----- Extracted data -----

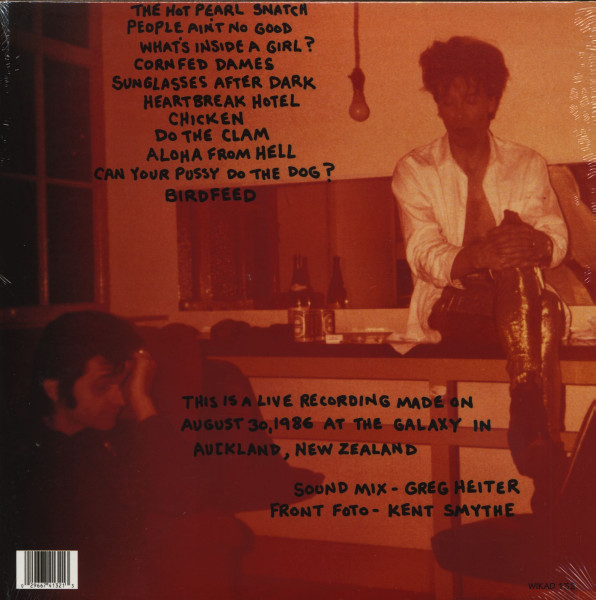 Rockinnreelininaucklandnewzealandxxx (LP, colored Vinyl)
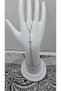 Stainless Steel Silver Color Big Beaded Shameran - 3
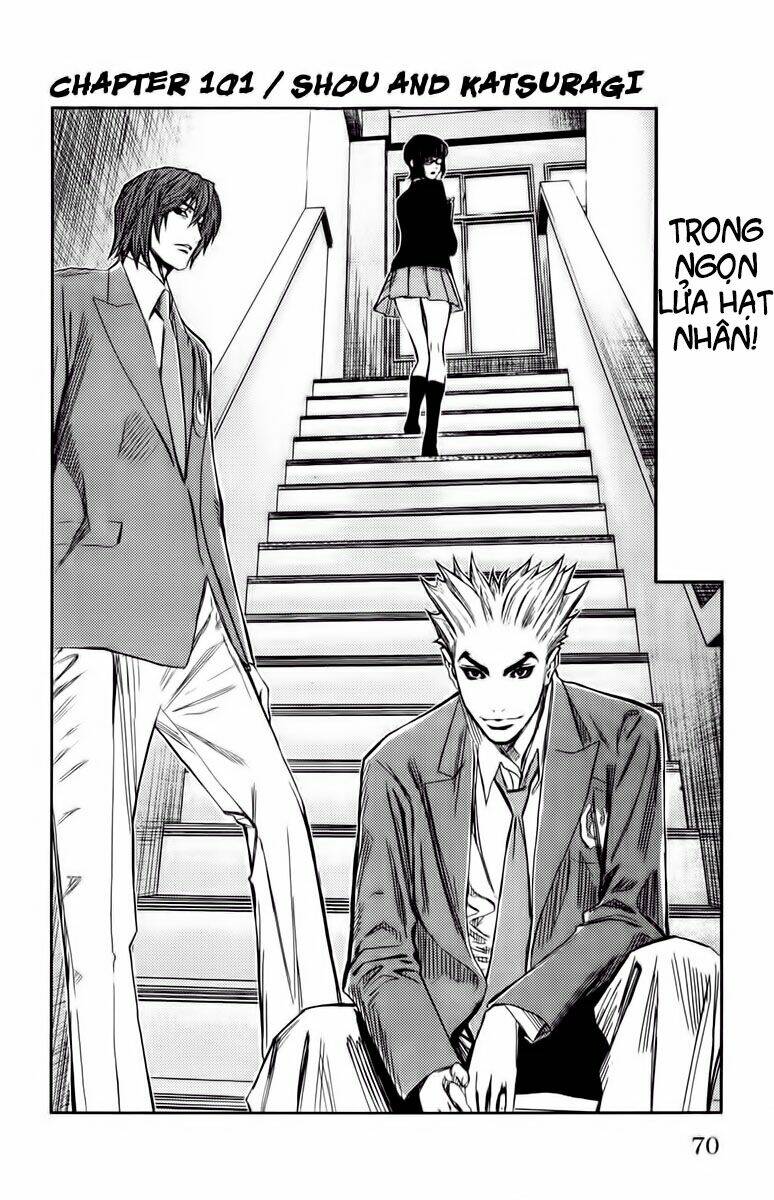 Akumetsu: Chapter 101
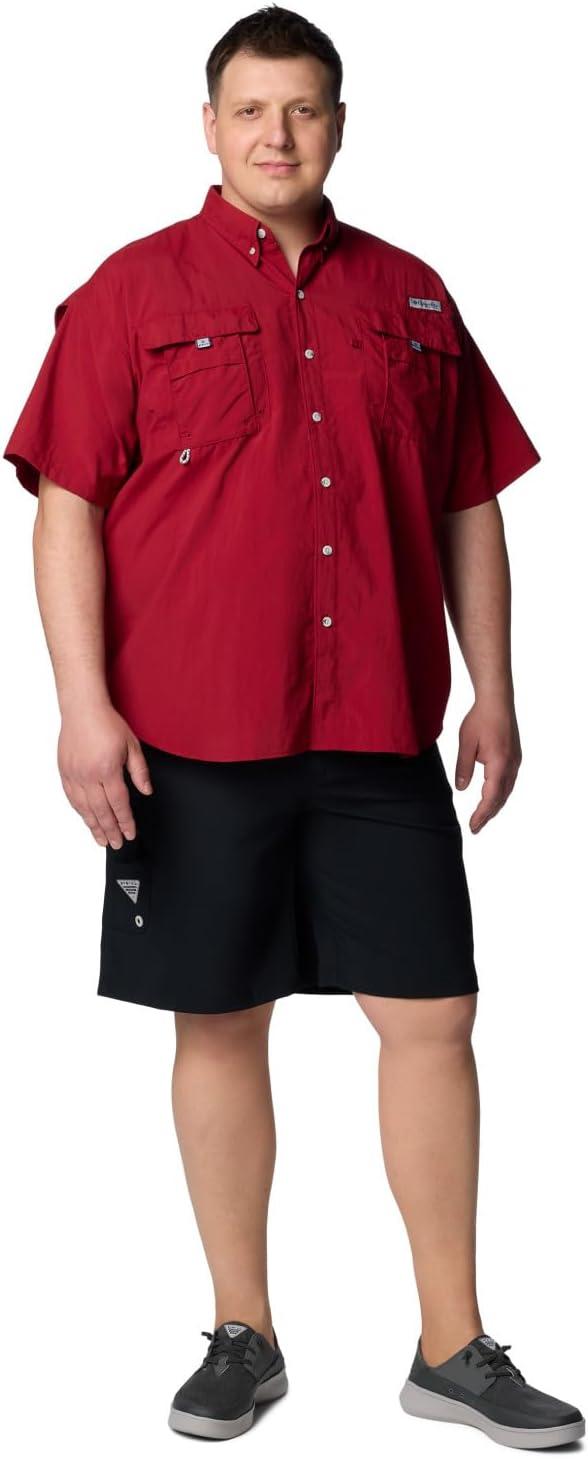 imageColumbia Youth Boys PFG Terminal Tackle II ShortBlackCool Grey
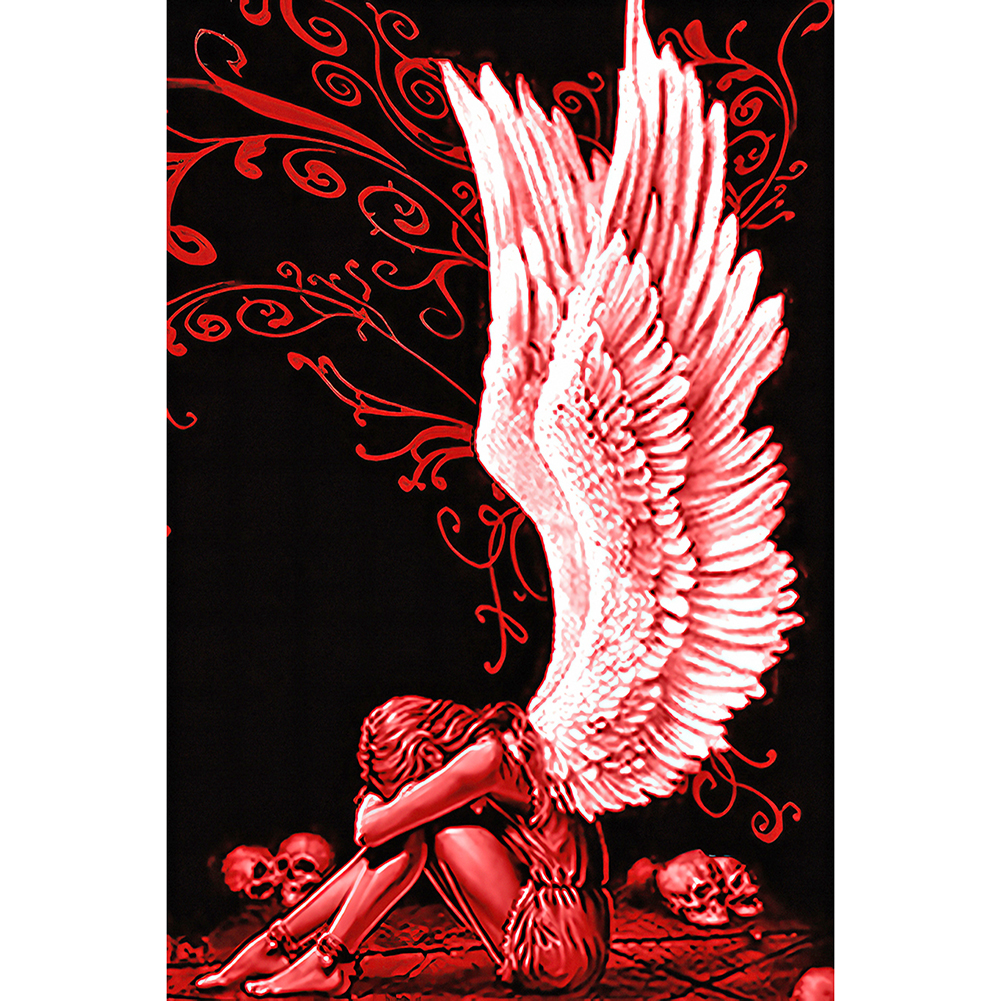 

Angel - Round Drill Diamond Painting - 40*60CM (Big Size), 501 Original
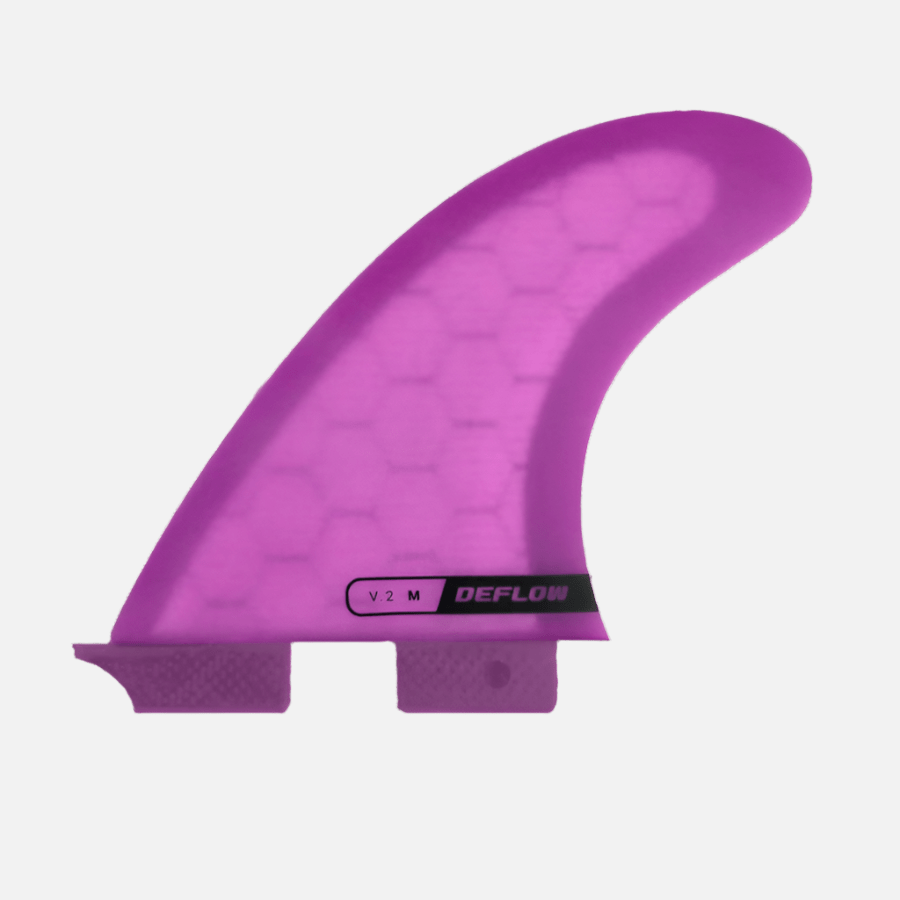 Deflow V.2 Thruster fins shortboard fins Deflow Surf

-----

**Exercise instructions:** Exclude the pictures, then retype every record exactly.

**Answer for this exercise:**
 Rockinnreelininaucklandnewzealandxxx (LP, colored Vinyl)
 Stainless Steel Silver Color Big Beaded Shameran - 3
 Akumetsu: Chapter 101
 imageColumbia Youth Boys PFG Terminal Tackle II ShortBlackCool Grey

Angel - Round Drill Diamond Painting - 40*60CM (Big Size), 501 Original
 Deflow V.2 Thruster fins shortboard fins Deflow Surf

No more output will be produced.